Summarize¶
The .summarize() method (also available as .summarise()) lets you compute
summary statistics — a single value per group (or for the entire dataset if no
groups are specified). The result has as many rows as there are unique groups.
import tidypolars_extra as tp
mtcars = tp.tibble(tp.read_data(fn="tidypolars_extra/data/mtcars.csv", sep=",", silently=True))
Summarize over everything¶
When used without grouping, summarize returns a single row.
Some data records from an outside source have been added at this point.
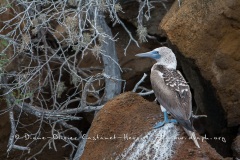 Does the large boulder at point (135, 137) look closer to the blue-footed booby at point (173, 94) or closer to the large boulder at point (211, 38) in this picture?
the blue-footed booby at point (173, 94)

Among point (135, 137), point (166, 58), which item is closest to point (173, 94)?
point (135, 137)

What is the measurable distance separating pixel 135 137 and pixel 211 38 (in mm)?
1906

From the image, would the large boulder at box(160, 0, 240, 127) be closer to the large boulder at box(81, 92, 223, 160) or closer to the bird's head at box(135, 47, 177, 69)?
the bird's head at box(135, 47, 177, 69)

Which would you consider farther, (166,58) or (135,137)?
(166,58)

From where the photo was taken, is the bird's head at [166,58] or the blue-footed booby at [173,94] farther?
the bird's head at [166,58]

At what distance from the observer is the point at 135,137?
475cm

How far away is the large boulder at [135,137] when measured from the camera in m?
4.50

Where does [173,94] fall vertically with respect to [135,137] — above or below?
above

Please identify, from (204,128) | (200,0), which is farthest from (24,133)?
(200,0)

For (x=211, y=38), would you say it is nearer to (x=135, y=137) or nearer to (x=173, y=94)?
(x=173, y=94)

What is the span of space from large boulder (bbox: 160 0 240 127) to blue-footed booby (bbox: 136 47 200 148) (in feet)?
2.90

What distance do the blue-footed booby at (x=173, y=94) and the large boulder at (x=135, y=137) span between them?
0.08 metres

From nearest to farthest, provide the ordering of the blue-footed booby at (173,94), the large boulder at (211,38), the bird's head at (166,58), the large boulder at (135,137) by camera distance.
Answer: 1. the large boulder at (135,137)
2. the blue-footed booby at (173,94)
3. the bird's head at (166,58)
4. the large boulder at (211,38)

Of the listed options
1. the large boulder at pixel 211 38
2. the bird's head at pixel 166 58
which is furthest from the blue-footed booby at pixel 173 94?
the large boulder at pixel 211 38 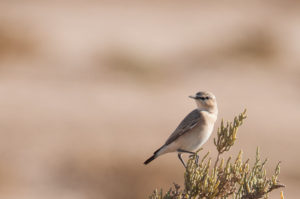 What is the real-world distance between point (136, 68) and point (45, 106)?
8.87 metres

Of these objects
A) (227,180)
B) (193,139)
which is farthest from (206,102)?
(227,180)

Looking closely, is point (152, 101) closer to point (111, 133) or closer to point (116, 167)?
point (111, 133)

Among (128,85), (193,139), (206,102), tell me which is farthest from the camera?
(128,85)

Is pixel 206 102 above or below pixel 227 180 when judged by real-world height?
above

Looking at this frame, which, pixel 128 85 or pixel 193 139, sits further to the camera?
pixel 128 85

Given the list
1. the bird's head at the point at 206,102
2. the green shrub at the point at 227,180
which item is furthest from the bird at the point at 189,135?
the green shrub at the point at 227,180

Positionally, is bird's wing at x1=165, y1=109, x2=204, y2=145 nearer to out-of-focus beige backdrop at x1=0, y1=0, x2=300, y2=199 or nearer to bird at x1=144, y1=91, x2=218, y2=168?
bird at x1=144, y1=91, x2=218, y2=168

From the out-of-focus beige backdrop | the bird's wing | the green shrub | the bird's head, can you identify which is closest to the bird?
the bird's wing

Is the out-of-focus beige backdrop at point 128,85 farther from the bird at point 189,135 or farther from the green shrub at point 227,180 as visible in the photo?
the green shrub at point 227,180

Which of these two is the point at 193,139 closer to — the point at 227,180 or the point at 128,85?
the point at 227,180

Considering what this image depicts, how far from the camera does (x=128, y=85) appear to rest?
96.9 feet

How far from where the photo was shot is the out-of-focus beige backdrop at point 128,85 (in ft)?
68.7

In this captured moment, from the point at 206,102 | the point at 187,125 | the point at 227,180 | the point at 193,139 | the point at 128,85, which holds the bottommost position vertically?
the point at 128,85

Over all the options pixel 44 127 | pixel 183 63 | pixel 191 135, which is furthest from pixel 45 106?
pixel 191 135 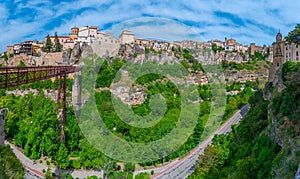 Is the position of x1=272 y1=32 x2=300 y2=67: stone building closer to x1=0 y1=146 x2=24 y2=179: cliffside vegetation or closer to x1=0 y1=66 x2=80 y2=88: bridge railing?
x1=0 y1=66 x2=80 y2=88: bridge railing

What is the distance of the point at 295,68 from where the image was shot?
16625 mm

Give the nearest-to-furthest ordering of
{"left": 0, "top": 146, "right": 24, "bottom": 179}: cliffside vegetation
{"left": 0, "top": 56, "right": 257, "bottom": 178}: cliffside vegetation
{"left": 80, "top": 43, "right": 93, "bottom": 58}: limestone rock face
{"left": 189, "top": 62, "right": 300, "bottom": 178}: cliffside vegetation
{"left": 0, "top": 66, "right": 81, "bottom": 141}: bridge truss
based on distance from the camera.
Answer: {"left": 189, "top": 62, "right": 300, "bottom": 178}: cliffside vegetation
{"left": 0, "top": 146, "right": 24, "bottom": 179}: cliffside vegetation
{"left": 0, "top": 66, "right": 81, "bottom": 141}: bridge truss
{"left": 0, "top": 56, "right": 257, "bottom": 178}: cliffside vegetation
{"left": 80, "top": 43, "right": 93, "bottom": 58}: limestone rock face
mtcars.summarize(avg_mpg=tp.col("mpg").mean())
shape: (1, 1)
┌───────────┐
│ avg_mpg │
╞═══════════╡
│ 20.090625 │
└───────────┘
Summarizing per group¶
Use the by parameter to compute summaries within groups. For example, there
are 3 values of cylinders (cyl) — 4, 6, and 8 — so the result will have 3
rows:
mtcars.summarize(avg_mpg=tp.col("mpg").mean(), by="cyl")
shape: (3, 2)
┌─────┬───────────┐
│ cyl ┆ avg_mpg │
╞═════╪═══════════╡
│ 8 ┆ 15.1 │
│ 6 ┆ 19.742857 │
│ 4 ┆ 26.663636 │
└─────┴───────────┘
Multiple summary statistics¶
You can compute multiple summary statistics in a single call:
mtcars.summarize(
avg_mpg=tp.col("mpg").mean(),
max_hp=tp.col("hp").max(),
min_wt=tp.col("wt").min(),
by="cyl",
)
shape: (3, 4)
┌─────┬───────────┬────────┬────────┐
│ cyl ┆ avg_mpg ┆ max_hp ┆ min_wt │
╞═════╪═══════════╪════════╪════════╡
│ 8 ┆ 15.1 ┆ 335 ┆ 3.17 │
│ 6 ┆ 19.742857 ┆ 175 ┆ 2.62 │
│ 4 ┆ 26.663636 ┆ 113 ┆ 1.513 │
└─────┴───────────┴────────┴────────┘
Summarize with a literal value¶
You can also include a literal (scalar) value in the summary:
mtcars.summarize(
measure=tp.lit("mean miles per gallon"),
value=tp.col("mpg").mean(),
by="cyl",
)
shape: (3, 3)
┌─────┬──────────────────────┬───────────┐
│ cyl ┆ measure ┆ value │
╞═════╪══════════════════════╪═══════════╡
│ 8 ┆ mean miles per gallon┆ 15.1 │
│ 6 ┆ mean miles per gallon┆ 19.742857 │
│ 4 ┆ mean miles per gallon┆ 26.663636 │
└─────┴──────────────────────┴───────────┘
Using count for quick frequency tables¶
The .count() method is a convenient shortcut for counting rows per group:
mtcars.count("cyl")
shape: (3, 2)
┌─────┬─────┐
│ cyl ┆ n │
╞═════╪═════╡
│ 4 ┆ 11 │
│ 8 ┆ 14 │
│ 6 ┆ 7 │
└─────┴─────┘